I wasted no time setting aside The Body in the Library, the Agatha Christie mystery I was rereading, and locking my apartment in the old servant’s quarters in the Victorian mansion that served as Wilfred’s library.
My cat Rodney trotted ahead of me as I hurried down the hill on foot. It was a warm day, the kind of August afternoon in which Oregon excelled. The breeze through the woods smelled of pine needles, and the sky was rich blue and streaked with clouds, like the Florentine endpaper in leather-bound novels.
Rodney’s sleek black form darted through the tidy double row of trailers that made up the Magnolia Rolling Estates and passed under the rosebushes surrounding LALENA’S PALM READINGS HERE sign. I rapped on her screen door and opened it to find her at her kitchen table, her head flat on its linoleum surface, tarot cards splayed around her.

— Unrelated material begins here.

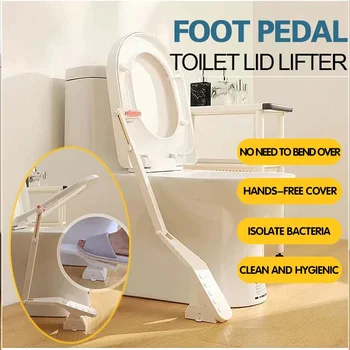 Universal Touchless Capac de Toaletă Ridicare Anti-murdar acționate cu Piciorul Scaunul de Toaletă Suport Capac Dispozitiv de Accesorii pentru Baie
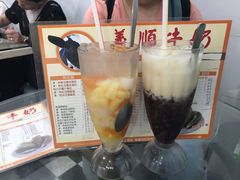 -义顺牛奶公司(新马路老店)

“Lalena? I got here as soon as I could.”
Rodney dashed through the door to greet Lalena’s terrier mutt, Sailor. He jumped to the couch and batted Sailor’s head before settling next to him.

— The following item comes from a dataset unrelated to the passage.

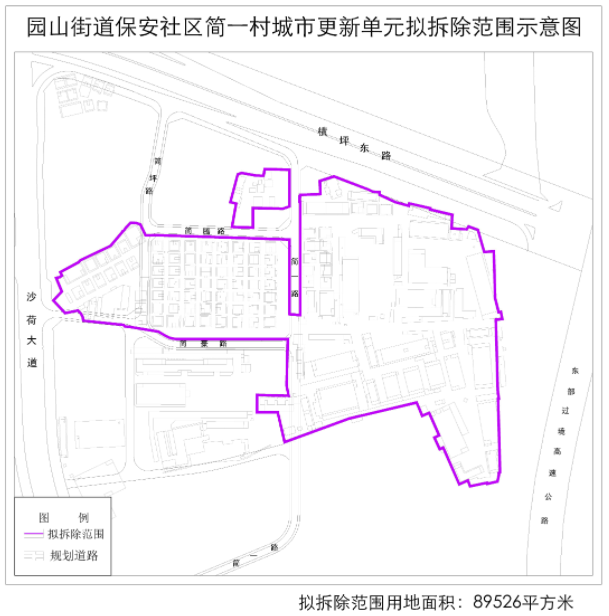 地址:园山街道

“Josie.” Lalena raised her head. The colorful scarf she’d wound around her head and her vivid lipstick didn’t distract me from her unwashed hair and tired eyes. “Thank you for coming. Help yourself to iced tea.”
I poured each of us a glass from her refrigerator and joined her at the table. “What’s wrong?”
“It’s about Ian. I don’t know what to do.”
Ian Penclosa was Lalena’s boyfriend. They’d met less than a year ago when he moved to town to open a rare books stall in Patty’s This-N-That. They were an unusual couple—Lalena, bubbly and open; Ian, shy and intense—but it had been love at first sight. On walks through town, Lalena kept a hand on Ian’s shoulder while he maneuvered his wheelchair through the streets.
“What happened to him?” I asked.
“We haven’t talked for two days.”
I leaned back in relief. “That’s all? You had me worried.”
She raised her head and leveled a sour look at me. “Two days is an eternity. We’re soulmates, Josie.” She collapsed on the table again but held up a tarot card. “This morning I drew this. The Ten of Swords.”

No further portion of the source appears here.